Fata Morgana by photographer Gundula Blumi

There is a particular feeling that arrives just after the rain. The world seems quieter, colors deepen, and for a brief moment everything appears suspended between memory and reality. Berlin-based visual artist and photographer Gundula Blumi has built much of her photographic language around that fleeting emotional territory, and few bodies of work embody it more beautifully than her images of rainbows drifting across water-filled landscapes.

In photographs that feel pulled from the edge of a dream, Blumi transforms ordinary weather into something emotionally charged. Rainbows emerge not as symbols of optimism, but as fleeting apparitions. Water reflects fractured light. Colors blur into one another. Horizons dissolve. Looking at these images feels less like observing a landscape and more like remembering one. There is joy present, certainly, but it is intertwined with longing, nostalgia, and the quiet sadness that often accompanies beautiful things that cannot last.
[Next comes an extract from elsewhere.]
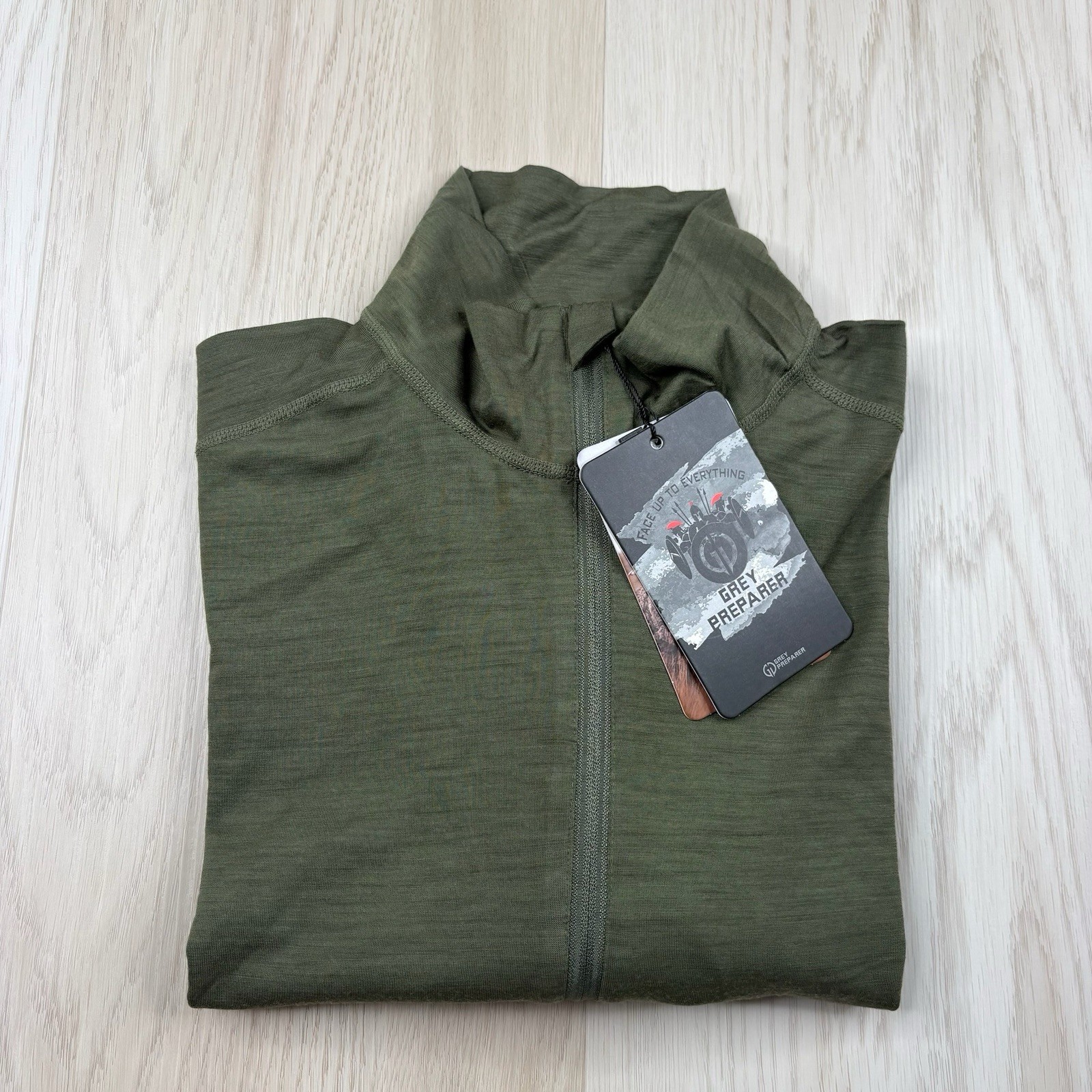 Grey Preparer Merino Wool Half Zip Baselayer Mens Size XL Green NWT gallery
Blumi, a Berlin-based visual artist, educator, and cultural worker, has spent years exploring the space between fantasy and reality through photography. Her work combines photography with prismatic lenses, water, color, and experimental light techniques, creating images that often feel suspended between the physical and the imagined. She works across both analog and digital mediums and has exhibited internationally, including exhibitions in New York, Milan, Paris, and Berlin. 
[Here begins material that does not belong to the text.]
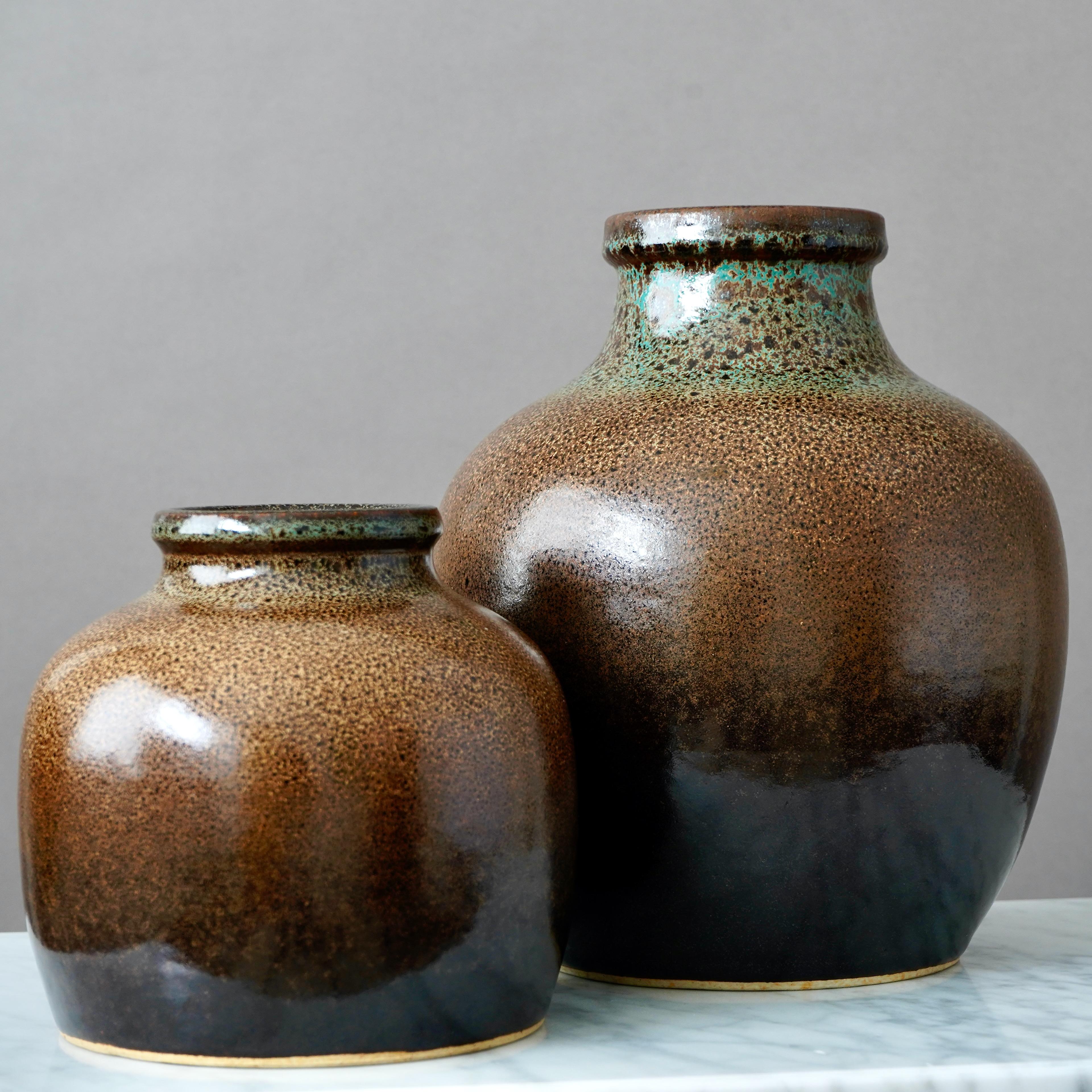 Set di 4 vasi in gres marrone di Yngve Blixt, Höganäs, Svezia, anni '70 in vendita 3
What makes her photographs resonate is their emotional honesty. Rather than documenting the world as it appears, Blumi seems interested in documenting how it feels. She has described her fascination with vulnerable emotions and the realities that exist beneath the surface, themes that run throughout her work. Her photographs often resemble fragments of dreams, memories that refuse to stay fixed, or moments caught just before they disappear entirely. 

The rainbow and water images are especially effective because they embrace uncertainty. Colors spill across reflective surfaces, rain clouds linger in the distance, and the landscape appears to shift between presence and absence. There is a romantic quality to the work, but it never becomes sentimental. Instead, the photographs carry the bittersweet atmosphere of a summer ending, a forgotten conversation, or a place you can no longer return to.

Critics and publications have often described Blumi’s work as ethereal and dreamlike, noting her use of long exposures, layered imagery, water, light, and color to create photographs that feel both magical and slightly unsettling. 

In a visual culture that often prizes clarity and certainty, Gundula Blumi’s photographs offer something rarer. They allow mystery to remain intact. Her rainbows are not destinations. They are passing moments. Brief flashes of wonder reflected across water, lingering just long enough to remind us that beauty is often inseparable from transience.